Neo postmodernism is more of an off-the-cuff term that I don't mean with any seriousness. Just more along the lines of another postmodern style.
Have you seen Moulin Rouge? Post-Victorian Paris setting but the musical numbers were all pop songs from the 21st-century, reinvented. As Scott already mentioned, the type of guitar-riffing that was used is not a sound of the 1950s, in which this show is set in. That type of sound wasn't around until the mid-60s. But unlike Moulin Rouge, which was hyper-stylized from beginning to end, with sets pieces that resembled musical staging/ video sets, and even a highly stylized form of cinematography, with the modern musical numbers worked alongside the post-Victorian settings: It consistently maintained a rockstar-Victorian theatre for the MTV-generation look throughout the film. Freak Show just injected a bit of modernity with the (poorly-rendered) musical number into an otherwise 1950s set. It didn't work.
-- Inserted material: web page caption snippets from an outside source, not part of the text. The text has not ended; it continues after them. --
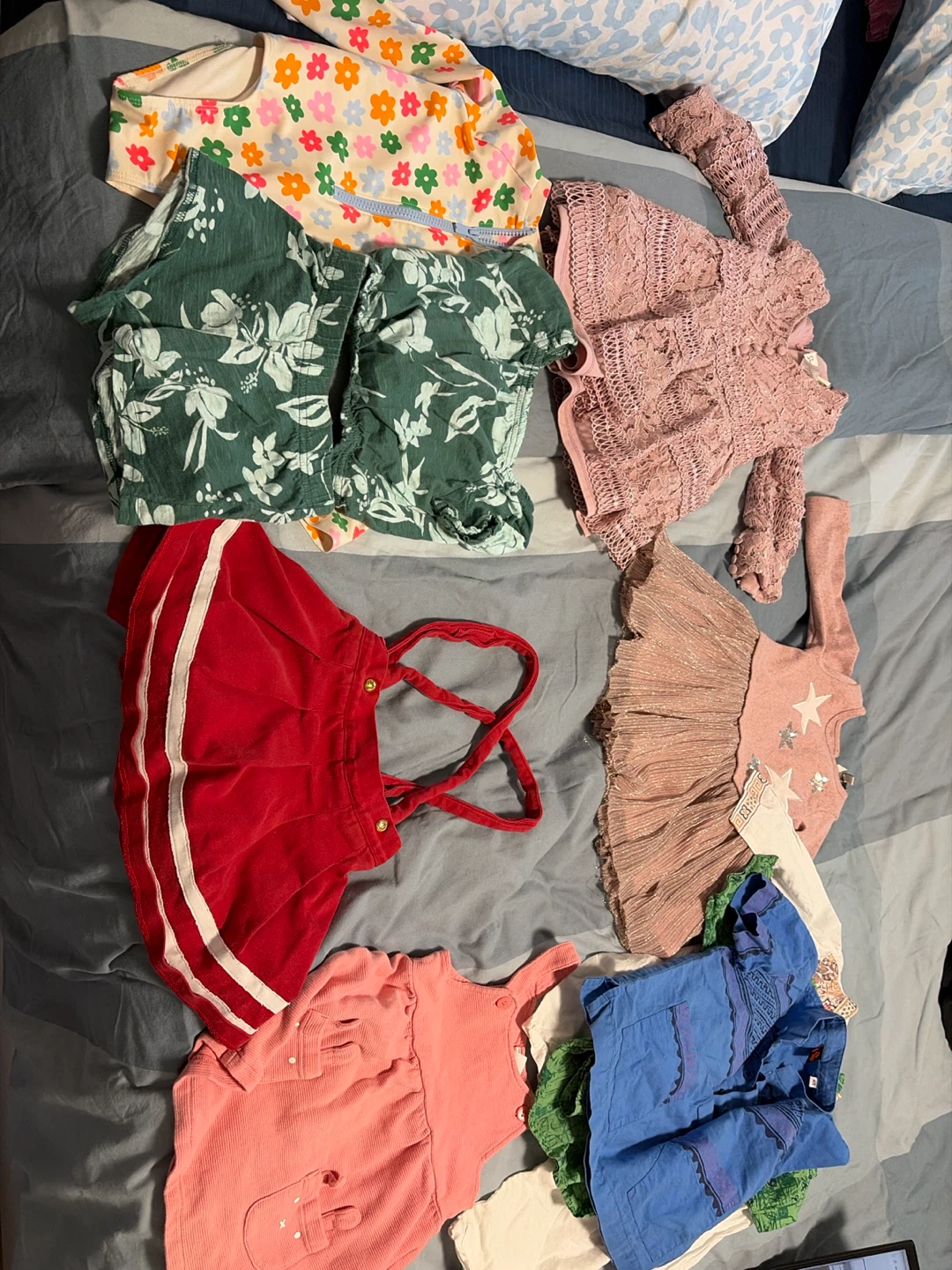 Girls Assorted Clothing Bundle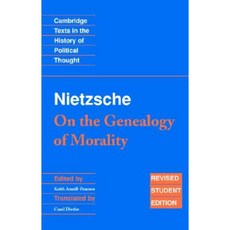 Nietzsche: 'on the Genealogy of Morality' and Other Writings Student Edition Paperback, Cambridge University Press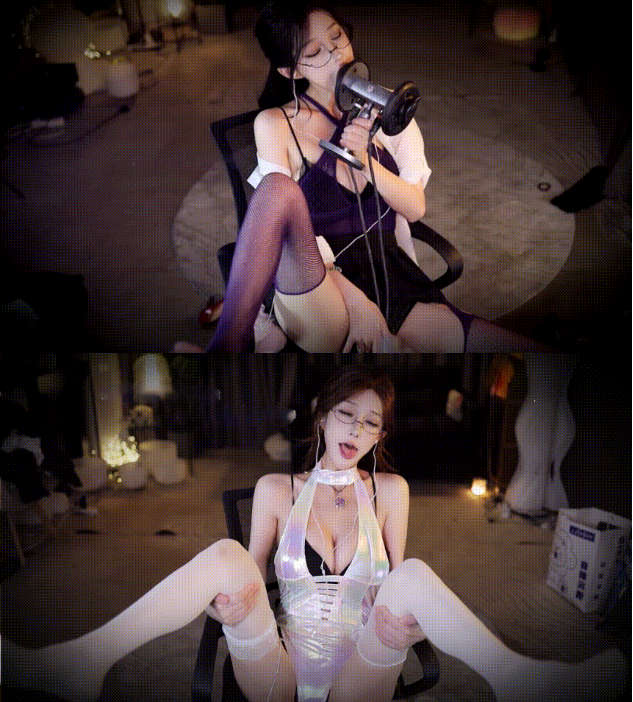 虎牙福利姬美女张爱玲 最新7-12期合集[45V/21G]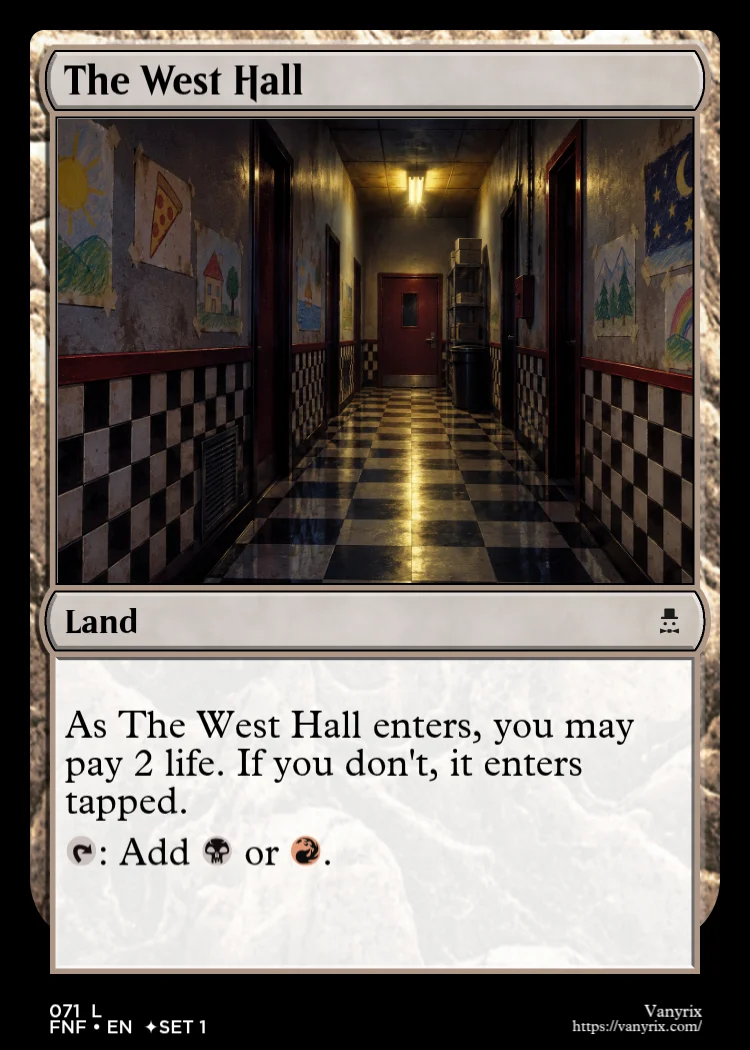 The West Hall
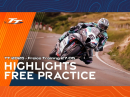 Isle of Man TT2025: Highlights freies Training, - Bäämm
The eccentricity of the musical number from Freak Show looked like it was shoehorned into a very ordinary-looking show. Visually, it reminded me of the type of aesthetic favored by Smashing Pumpkins' Mellon Collie and the Infinite Sadness phase. I'd highly recommend you'd check the sound, as well as their visual style for that period of their career if you're not familiar with it. They were all so striking and fit the post-punk/baroque-rock of their sound so wonderfully. (Not to mention the deeply-saturated and overexposed photography of the Freak Show musical number had a very mid-90s vibe-- instantly reminds me of Hole's videos-- which were also very similar to Smashing Pumpkins' aesthetic.) Seems like Ryan can't help himself and must always ram in a musical number; I guess the context of this number isn't so horrible compared to the ones in Coven and Asylum-- it was just the execution that was very weak, to me.
Visually, I'd prefer the show's atmosphere to resemble more of the campaign's imagery and vibe if they wanted to be stylishly creepy: Go all the way with a Floria Sigismondi look and feel. Or just stick to a plain-jane look and have the disturbing elements of the story unfold to create atmosphere (Like Cannibal Holocaust). The way it is now, it just comes off either lazy, or the budget didn't allow it to go all the way.
Scott: Puddles the Clown (with his amazing voice) is more unpredictably unhinged, more creepy, than this one. This one is way too Clown-wannabe from Spawn (who, if you're not familiar with the Spawn comic, was based on, and is named Gacy. Creepy.)